Segment Start: ENTRIES SHOWN
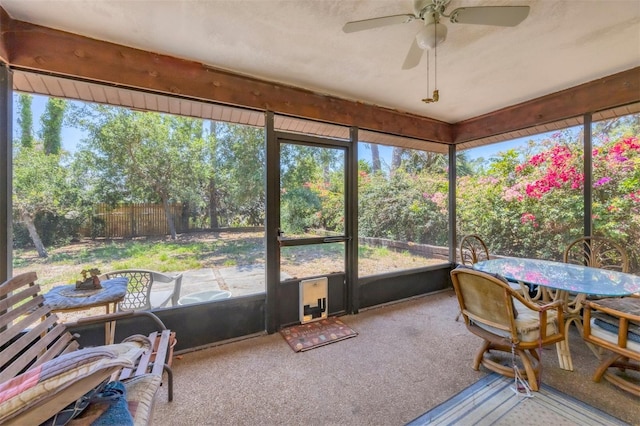 sunroom with ceiling fan, outdoor dining area, and plenty of natural light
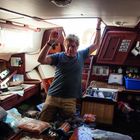 Ein Mann in einem überfluteten Boot hält sich an der Decke fest, umgeben von schwimmenden Gegenständen.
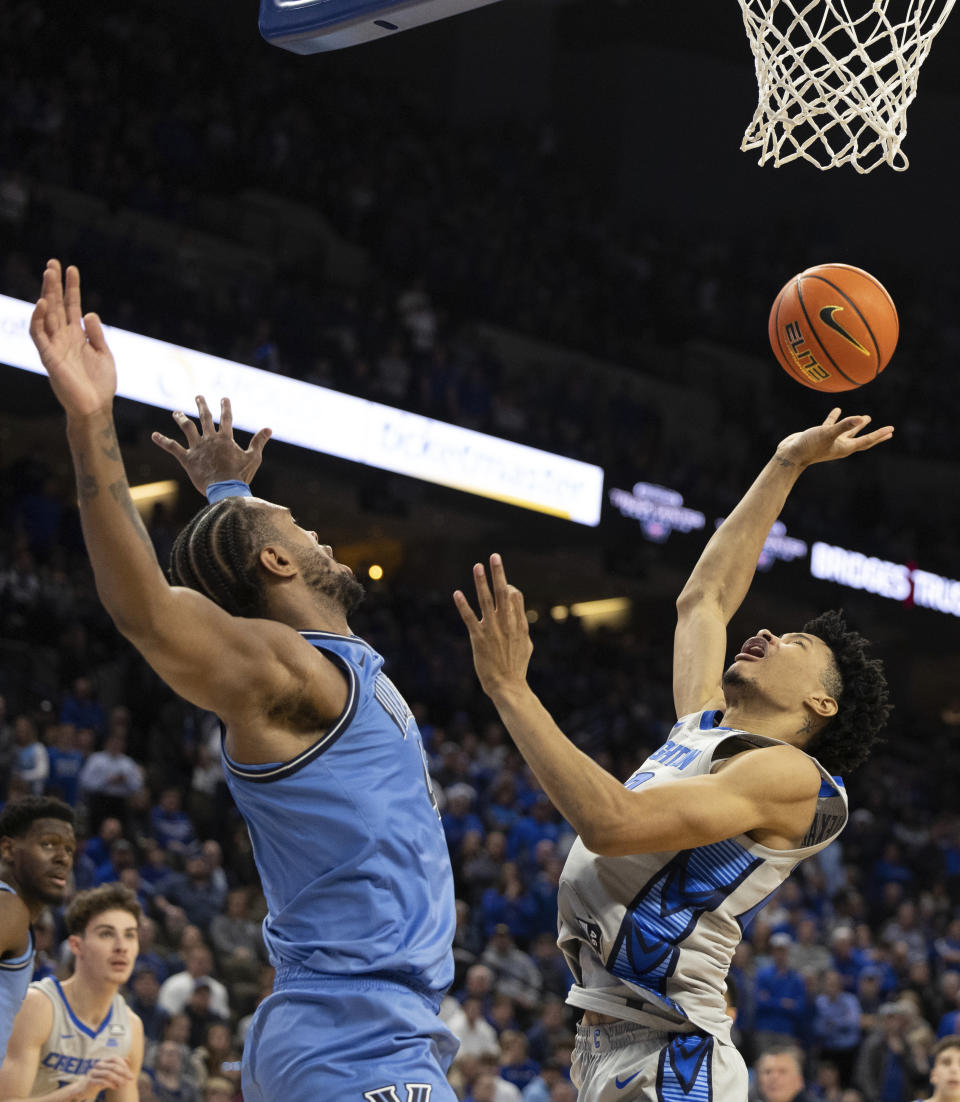 Creighton's Trey Alexander, right, shoots against Villanova's Eric Dixon during overtime in an NCAA college basketball game Wednesday, Dec. 20, 2023, in Omaha, Neb. (AP Photo/Rebecca S. Gratz)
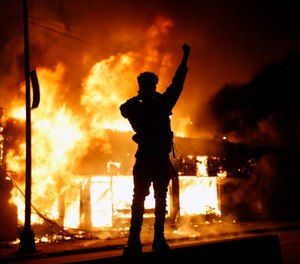 In this May 29, 2020, photo, a check-cashing business burns during protests in Minneapolis. Protests continued following the death of George Floyd, who died after being restrained by Minneapolis police officers on Memorial Day. (AP Photo/John Minchillo)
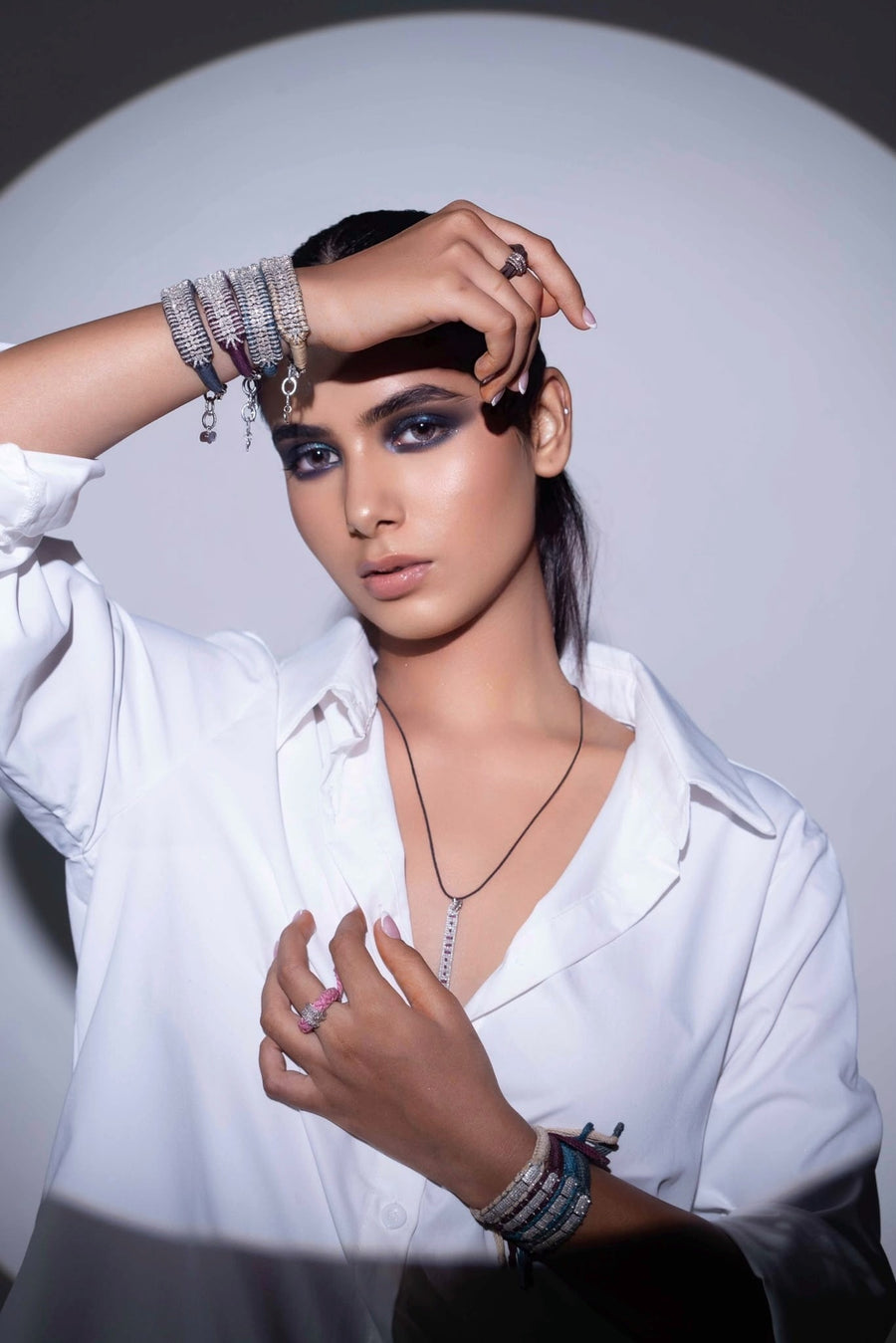 Model in a white shirt wearing Caravan of Stones diamond rings on Linhasita and leather, stacked natural diamond thread bracelets and The LOVE Necklace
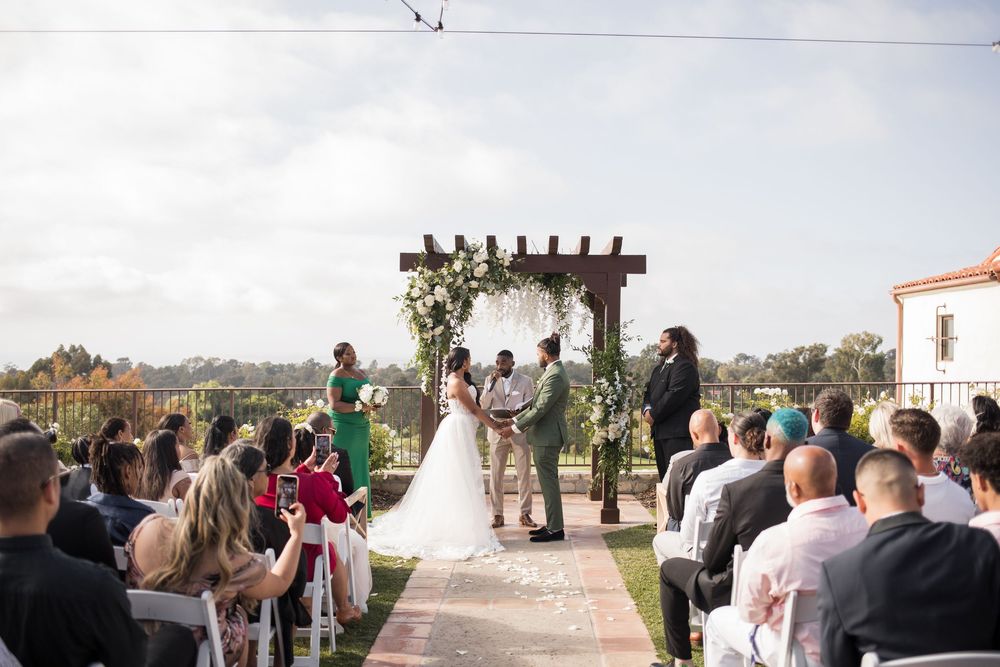 Outdoor wedding ceremony with bride and groom at floral arch altar, guests seated on white chairs in sunny garden venue.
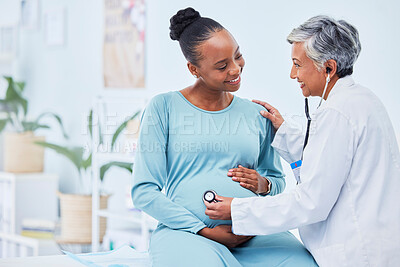 Buy stock photo Black woman, pregnant and doctor listening to heart beat in checkup, appointment or visit at hospital. Happy African female person in maternity and mature medical or healthcare professional at clinic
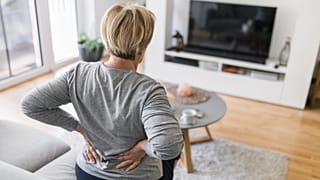 A woman clutches her lower back in pain.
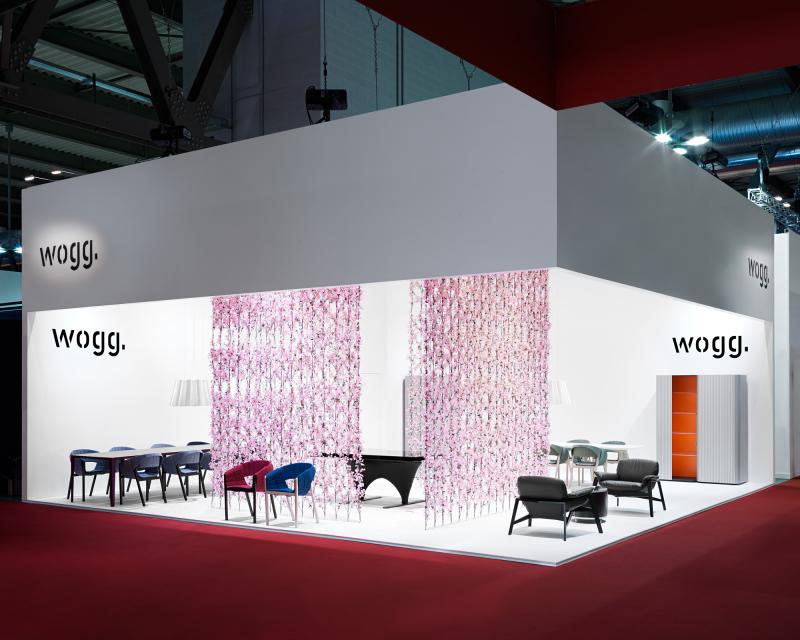 Furniture Fair Milan 2009 exhibition design for Wogg with a cherry blossom curtain in the center of the booth, exhibited furniture from the Amor, Rica and Roya collection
Segment End: ENTRIES SHOWN
Repeat only the stretch of data above that runs from the line with "Buy stock photo" to the line with "A woman clutches her lower back in pain.". Keep both end lines; exclude pictures.

 Buy stock photo Black woman, pregnant and doctor listening to heart beat in checkup, appointment or visit at hospital. Happy African female person in maternity and mature medical or healthcare professional at clinic
 A woman clutches her lower back in pain.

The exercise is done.